Sacred Heritage in Japan is the first volume to explicitly address the topics of Japanese religion and heritage preservation in connection with each other.
The book examines what happens when places of worship and ritual practices are rebranded as national culture. It also considers the impact of being designated tangible or intangible cultural properties and, more recently, as UNESCO World or Intangible Heritage. Drawing on primary ethnographic and historical research, the contributions to this volume show the variety of ways in which different actors have contributed to, negotiated, and at times resisted the transformation of religious traditions into heritage. They analyse the conflicts that emerge about questions of signification and authority during these processes of transformation. The book provides important new perspectives on the local implications of UNESCO listings in the Japanese context and showcases the diversity of "sacred heritage" in present-day Japan.
Combining perspectives from heritage studies, Japanese studies, religious studies, history, and social anthropology, the volume will be of interest to scholars and students who want to learn more about the diversity of local responses to heritage conservation in non-Western societies.
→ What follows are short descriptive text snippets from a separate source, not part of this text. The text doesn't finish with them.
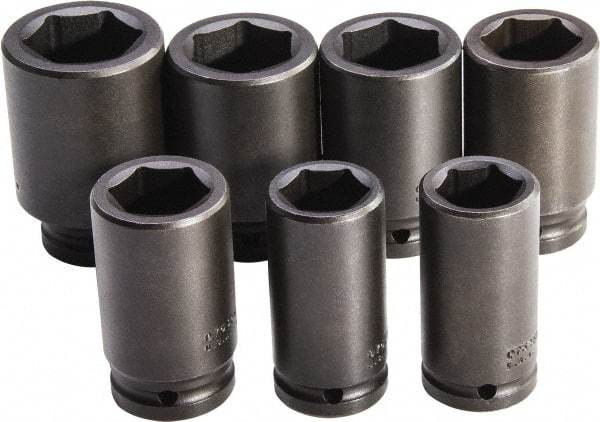 Proto - 7 Piece 3/4" Drive Full Polish Finish Deep Well Impact Socket Set - 6 Points, 26mm to 38mm Range, Metric Measurement Standard - Industrial Tool & Supply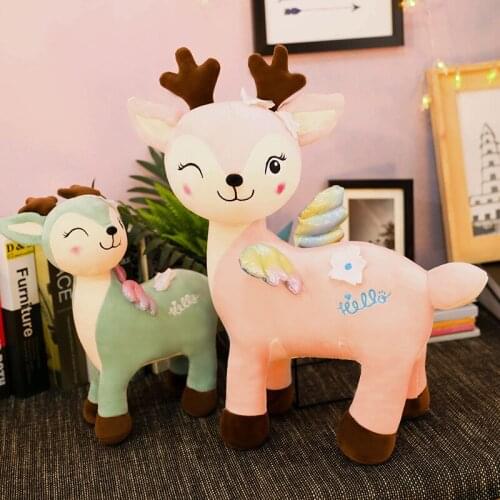 40/50CM Cute Sika Deer Plush Toys Animal Deer Stuffed Cartoon Dolls With Wings Children Playmate Kids Birthday Baby Toy Kid Gift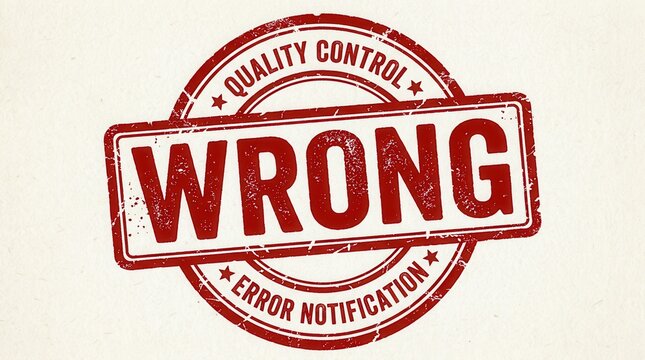 Red grunge rubber stamp with the word wrong and quality control text isolated on a clean white background design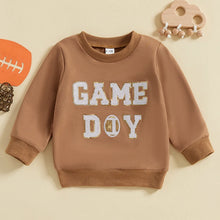 Load image into Gallery viewer, Baby Toddler Boys Girls Fall GAME DAY Football Sequin Letter Embroidery Long Sleeve Crew Neck Pullover Top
It will also be of interest to scholars and students engaged in the study of Japanese religion, society, or cultural policies.
Table of Contents
Chapter 1 Heritage-Making and the Transformation of Religion in Modern Japan
Mark Teeuwen and Aike P. Rots
Chapter 2 The Politics of Japan’s Use of World Heritage: From Ratifying the World Heritage Convention to the Mozu–Furuichi Tumulus Clusters
Tze M. Loo
Chapter 3 An Introduction to Multilateral Heritage Politics: Japan and the World Heritage Convention
Chapter 4 World Cultural Heritage and Women’s Exclusion from Sacred Sites in Japan
Lindsey E. DeWitt
Chapter 5 Whose Sacred Site? Contesting World Heritage at Sefa Utaki
Aike P. Rots
Chapter 6 What Does it Mean to Become UNESCO Intangible Cultural Heritage? The Case of aenokoto
Chapter 7 Kyoto’s Gion Float Parade as Heritage: Between Culture, Religion, and Faith
Chapter 8 The Story Beyond UNESCO: Local Buddhist Temples and the Heritage of Survival in Regional Japan
Paulina K. Kolata
Chapter 9 Omissions, Stratagems, and Dissent: The Shikoku Pilgrimage and the Problems of Applying for World Heritage Status
Aike P. Rots is Associate Professor of Asian Studies at the University of Oslo. His research interests include religion and the environment, ritual and sacred space, human–nature relations, and the politics of religion in contemporary East and Southeast Asia.
Mark Teeuwen is Professor of Japanese Studies at the University of Oslo. His field of research is the history of religion in Japan.